▸ **DATA FOR THIS EXERCISE**:

:::

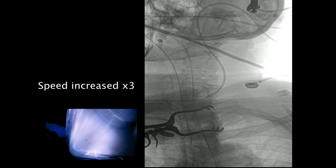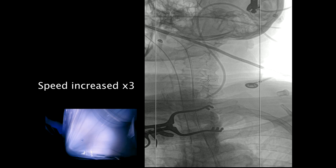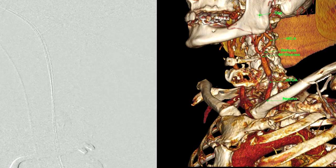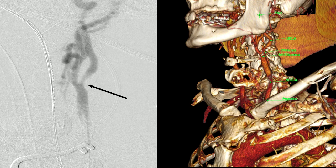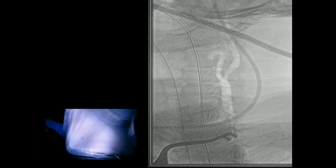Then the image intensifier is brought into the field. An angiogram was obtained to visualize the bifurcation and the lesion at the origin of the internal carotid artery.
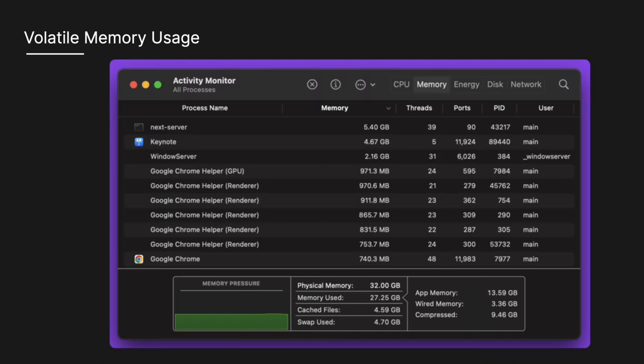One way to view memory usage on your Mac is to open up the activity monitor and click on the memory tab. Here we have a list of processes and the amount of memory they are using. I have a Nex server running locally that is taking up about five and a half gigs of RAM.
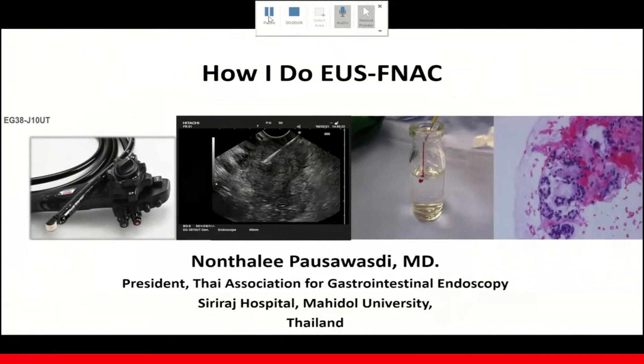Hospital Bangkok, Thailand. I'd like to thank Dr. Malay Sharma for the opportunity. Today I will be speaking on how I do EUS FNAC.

:::

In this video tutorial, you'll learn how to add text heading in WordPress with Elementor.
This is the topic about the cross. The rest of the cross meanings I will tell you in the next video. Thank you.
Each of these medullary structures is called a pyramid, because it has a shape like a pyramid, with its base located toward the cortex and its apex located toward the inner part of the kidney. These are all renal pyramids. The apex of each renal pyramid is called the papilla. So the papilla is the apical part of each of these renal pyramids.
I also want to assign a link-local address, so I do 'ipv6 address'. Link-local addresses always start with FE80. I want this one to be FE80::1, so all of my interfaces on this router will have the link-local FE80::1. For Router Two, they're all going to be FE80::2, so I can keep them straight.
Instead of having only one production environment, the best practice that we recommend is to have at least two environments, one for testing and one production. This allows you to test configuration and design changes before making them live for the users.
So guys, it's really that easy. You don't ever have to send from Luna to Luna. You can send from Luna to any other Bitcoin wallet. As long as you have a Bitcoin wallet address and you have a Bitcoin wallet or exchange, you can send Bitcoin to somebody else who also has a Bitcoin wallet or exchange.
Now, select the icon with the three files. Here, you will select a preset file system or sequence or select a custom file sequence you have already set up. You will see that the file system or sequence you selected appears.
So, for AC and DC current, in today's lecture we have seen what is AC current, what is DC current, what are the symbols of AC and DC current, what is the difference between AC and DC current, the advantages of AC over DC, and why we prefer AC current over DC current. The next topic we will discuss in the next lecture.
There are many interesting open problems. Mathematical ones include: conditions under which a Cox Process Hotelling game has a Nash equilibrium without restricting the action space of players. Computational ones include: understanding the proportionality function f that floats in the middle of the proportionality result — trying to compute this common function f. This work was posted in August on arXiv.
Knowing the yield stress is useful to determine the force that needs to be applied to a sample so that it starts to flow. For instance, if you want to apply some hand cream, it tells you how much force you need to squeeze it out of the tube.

:::

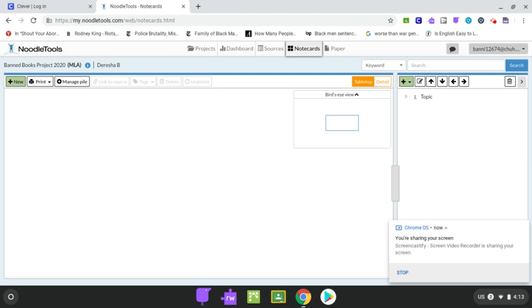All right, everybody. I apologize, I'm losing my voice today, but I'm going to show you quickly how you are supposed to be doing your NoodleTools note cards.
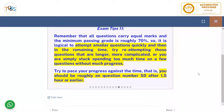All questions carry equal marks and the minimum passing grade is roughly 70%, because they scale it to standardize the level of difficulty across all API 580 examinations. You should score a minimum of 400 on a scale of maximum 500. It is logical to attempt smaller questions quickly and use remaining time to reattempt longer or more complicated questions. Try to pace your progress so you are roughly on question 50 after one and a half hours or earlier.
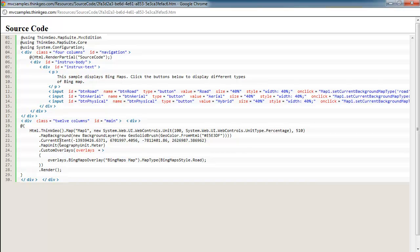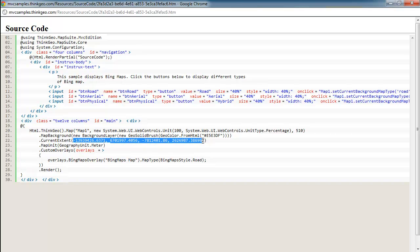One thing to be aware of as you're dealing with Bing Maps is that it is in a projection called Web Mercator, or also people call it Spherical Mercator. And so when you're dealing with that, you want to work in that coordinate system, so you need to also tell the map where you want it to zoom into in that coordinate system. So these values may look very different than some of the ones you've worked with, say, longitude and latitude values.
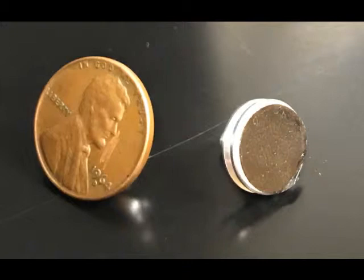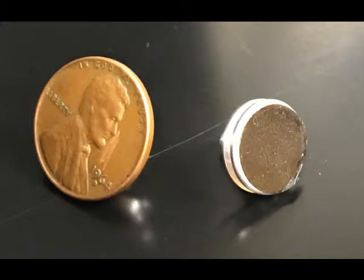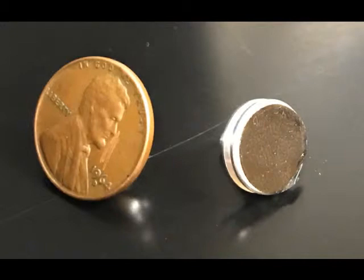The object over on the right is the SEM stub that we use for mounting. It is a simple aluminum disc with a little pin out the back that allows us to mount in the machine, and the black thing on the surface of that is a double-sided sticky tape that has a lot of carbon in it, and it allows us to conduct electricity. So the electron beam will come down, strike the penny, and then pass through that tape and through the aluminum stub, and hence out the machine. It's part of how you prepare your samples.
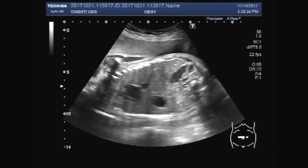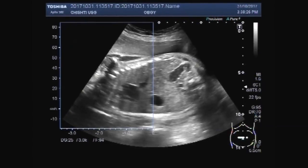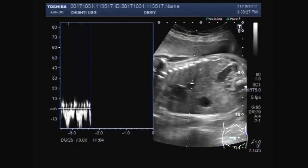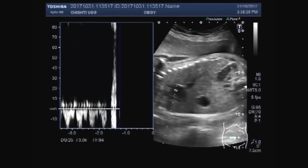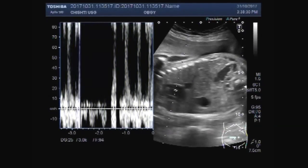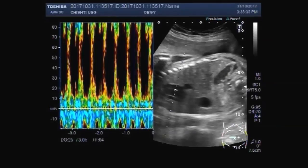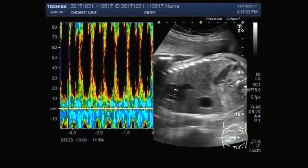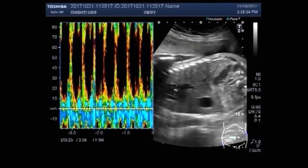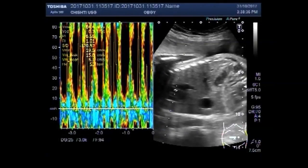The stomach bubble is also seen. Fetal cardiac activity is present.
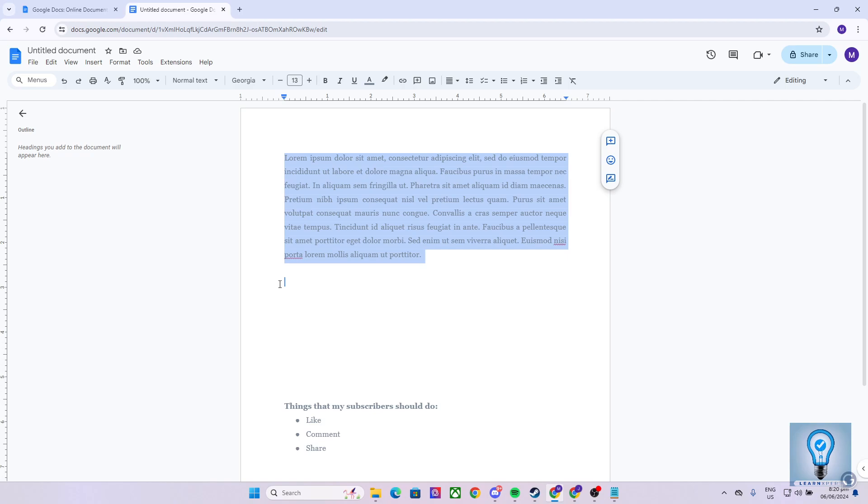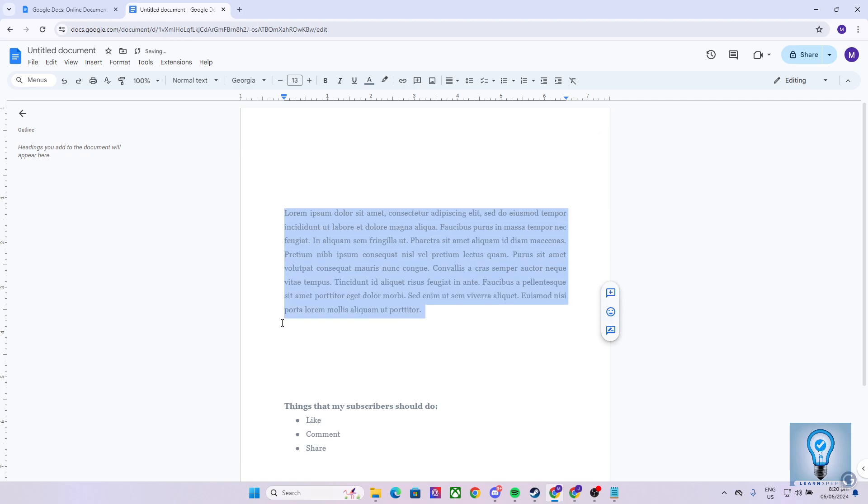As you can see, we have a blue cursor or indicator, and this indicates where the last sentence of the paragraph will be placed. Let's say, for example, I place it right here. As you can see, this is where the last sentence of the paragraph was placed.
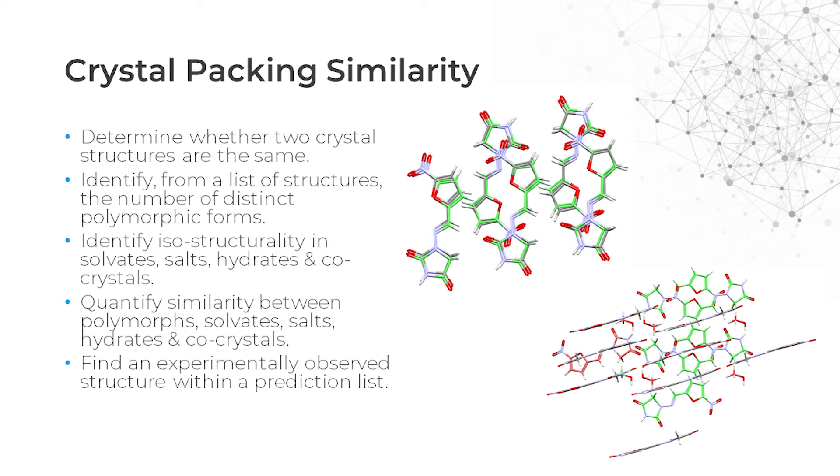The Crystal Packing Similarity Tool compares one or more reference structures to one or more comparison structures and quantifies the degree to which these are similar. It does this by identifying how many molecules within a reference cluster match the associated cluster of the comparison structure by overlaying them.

:::

▸ **TASK DIRECTIONS**: Extract the part of the records that opens with the line containing "Then the image" and closes with the line containing "One way to view". Take only those lines, exactly, and no pictures.

▸ **THE ANSWER**:
Then the image intensifier is brought into the field. An angiogram was obtained to visualize the bifurcation and the lesion at the origin of the internal carotid artery.
One way to view memory usage on your Mac is to open up the activity monitor and click on the memory tab. Here we have a list of processes and the amount of memory they are using. I have a Nex server running locally that is taking up about five and a half gigs of RAM.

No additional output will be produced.